The complete inability of theory or models to predict the financial crisis has led to much rethinking about economic theory and methodology. George Soros, long critical of standard theory, established the Institute for New Economic Thinking to tackle both the theory and practice of economics. Compared to other sciences, economics is primitive. Consider that Daniel Kahneman, a psychologist by training who never took an economics course, was awarded the 2002 Nobel Prize in economics. It would be unthinkable for a non physicist to win the Nobel in physics.
A recent meeting at the Santa Fe Institute was devoted to complexity economics, a broad term that is meant to encompass the type of approach necessary if economics is to advance to the levels of other more established sciences.
The keynote speaker the first evening was Ken Arrow, the youngest person to win the Noble in economics at 51, and still going strong at 92. Ken gave a synoptic view of current economic theory, much of which he invented, but was unsparing in his criticisms of its shortcomings and candid about how much we do not know and how much work is yet to be done.

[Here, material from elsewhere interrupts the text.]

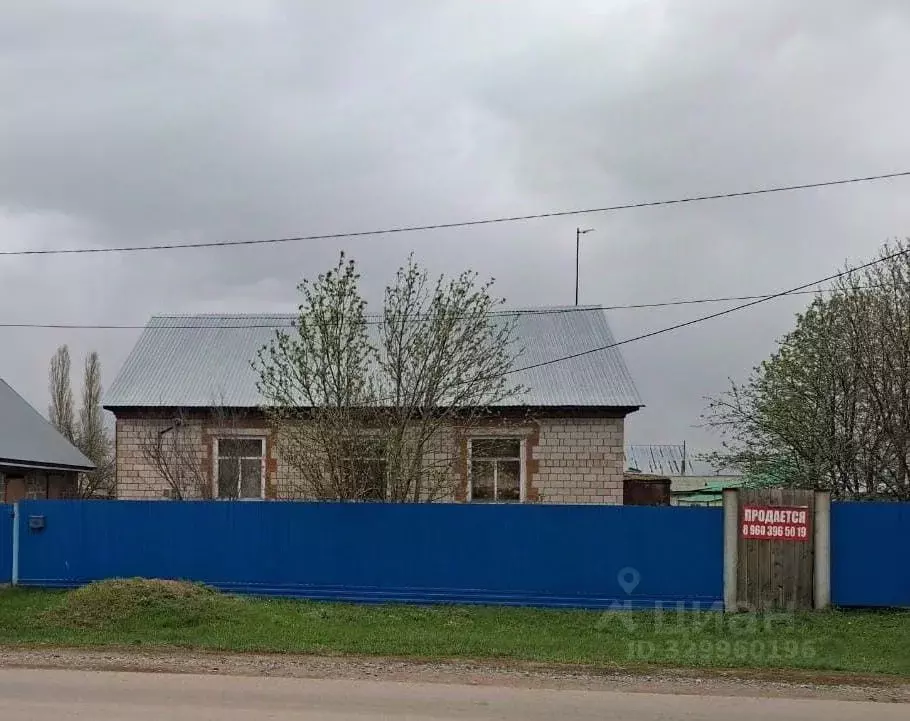 Дом в Башкортостан, Кушнаренковский сельсовет, с. Тарабердино ул. ... - Фото 1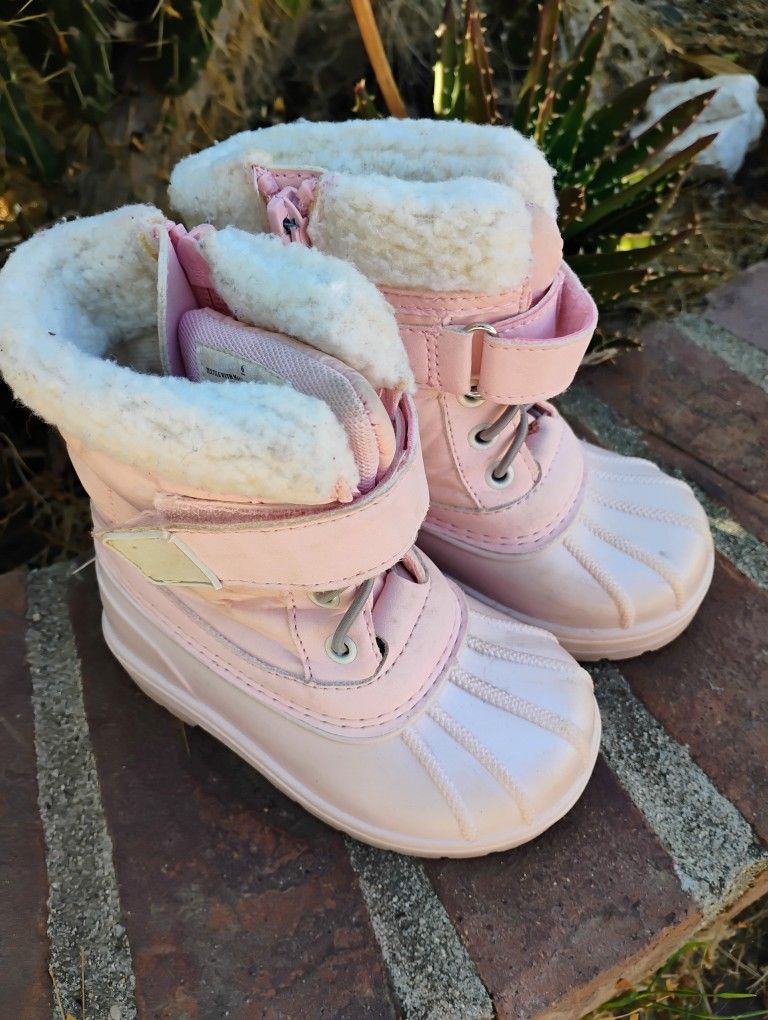 Cat & Jack Toddler Snow Boots Sz 6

All of this is, of course, of vital interest to those of us in the investment world who are trying to navigate in a domestic and global economy about which too little is known and even less can be predicted.
It is generally acknowledged that economics is rife for a paradigm shift. The idea of a paradigm shift was introduced by Thomas S. Kuhn in his 1962 book The Structure of Scientific Revolutions. He argued that rather than progressing in a linear way, science advances when one way of looking at or understanding the world is supplanted by a completely new way, which overthrows and replaces the old paradigm.
The current paradigm in economics is one that embeds the notion that the economy is fundamentally an equilibrium system; one that is at, or close to, equilibrium, where supply and demand are in balance. The hydraulic metaphor is often employed to describe the state of the economy. That is, one hears about the economy cooling, or overheating, or there being pressure on labor markets or prices. Money “flows” in one direction or another. It is assumed in almost all models that economic phenomena follow a normal, or Gaussian distribution.
The simplifying assumptions of modern economic theory make it mathematically tractable and allow for the construction of elegant and complex models, some of which are perhaps useful. But enabling us to predict economic phenomena is not their strong suit.
Modern financial theory rests almost exclusively on this foundation, and its weaknesses are the weaknesses of the current economic paradigm.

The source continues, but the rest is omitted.